The Legacy of the Soviet Union: A desert where the Aral Sea used to exist


As we see so often, local communities have the best ideas for recovery. In Kazakhstan, people living near the Aral basin have identified a natural tool to mitigate dust storms: the black saksual bush. A fully grown black saksual can prevent erosion by securing up to four tons of soil to the ground, keeping dust from the air and preventing the desert from overtaking villages. The black saksual is extremely hardy and capable of growing in the dry, saline soils of the desert, the first step in bringing life back to the region.

Two years ago, American development experts at USAID’s Mission in Central Asia partnered with the International Fund for Saving the Aral Sea to help the region recover through the “Oasis” project.
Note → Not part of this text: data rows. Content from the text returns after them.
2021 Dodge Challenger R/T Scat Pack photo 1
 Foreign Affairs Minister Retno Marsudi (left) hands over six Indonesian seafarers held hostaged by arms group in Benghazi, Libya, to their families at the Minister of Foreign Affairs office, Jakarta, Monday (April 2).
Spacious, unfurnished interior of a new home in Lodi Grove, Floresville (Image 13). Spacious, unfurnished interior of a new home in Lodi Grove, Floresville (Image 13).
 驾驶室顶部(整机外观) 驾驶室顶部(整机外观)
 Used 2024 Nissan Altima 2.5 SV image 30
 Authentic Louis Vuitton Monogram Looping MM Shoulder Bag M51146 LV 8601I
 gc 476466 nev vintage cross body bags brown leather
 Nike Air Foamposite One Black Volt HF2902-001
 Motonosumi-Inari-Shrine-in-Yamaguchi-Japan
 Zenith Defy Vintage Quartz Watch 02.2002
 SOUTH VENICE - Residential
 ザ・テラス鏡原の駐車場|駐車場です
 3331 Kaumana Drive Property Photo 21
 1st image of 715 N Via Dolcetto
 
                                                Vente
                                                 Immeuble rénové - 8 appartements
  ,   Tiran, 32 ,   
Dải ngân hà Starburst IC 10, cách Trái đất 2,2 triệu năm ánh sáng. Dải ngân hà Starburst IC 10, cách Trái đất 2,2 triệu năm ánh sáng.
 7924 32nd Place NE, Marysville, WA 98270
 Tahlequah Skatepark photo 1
Through the Oasis, the US and Central Asian partners are working to plant black saksual at scale. Doing this will reduce erosion and dust storms, protecting the health of millions of people across the region

There was a problem, however. The Oasis site was over 10 hours from the nearest saksual nursery, including three hours completely offroad. The distance was threatening the long-term sustainability of the project. For the project to succeed, USAID and Central Asian scientists needed an on-site nursery capable of raising saksual plants from the seed. This would enable more saksual to be planted, survive, and help restore the environment.

This is where Spirit of America stepped in.

Working with USAID and our Central Asian partners, Spirit of America constructed a 2-hectare nursery capable of delivering 100,000 saksual saplings per year to the current Oasis project, as well as future sites. This nursery will have asymmetric impact in the years and decades to come, supporting other international efforts to scale up the planting of black saksual for the region’s recovery.

At a ribbon cutting for the nursery, I was proud to join US Ambassador to Kazakhstan Dan Rosenblum, the Spirit of America team, USAID, and partners from across Central Asia to mark this milestone in the region’s recovery.

US Ambassador to Kazakhstan, Daniel Rosenblum, and Spirit of America Regional Manager Alex Ebsary open the Oasis Greenhouse in the Aral basin

The story of the Soviet destruction of the Aral Sea is a tragic one for Central Asia, but we believe there is also a story of hope and recovery that more people need to hear. That’s why we invited some of Kazakhstan’s most popular social media influencers to visit the Aral Sea with us and help us tell our story of recovery and partnership. The story resonated: through Instagram and TikTok, over 1.1 million viewers across Central Asia learned how partnership between America and Central Asia is helping the region heal.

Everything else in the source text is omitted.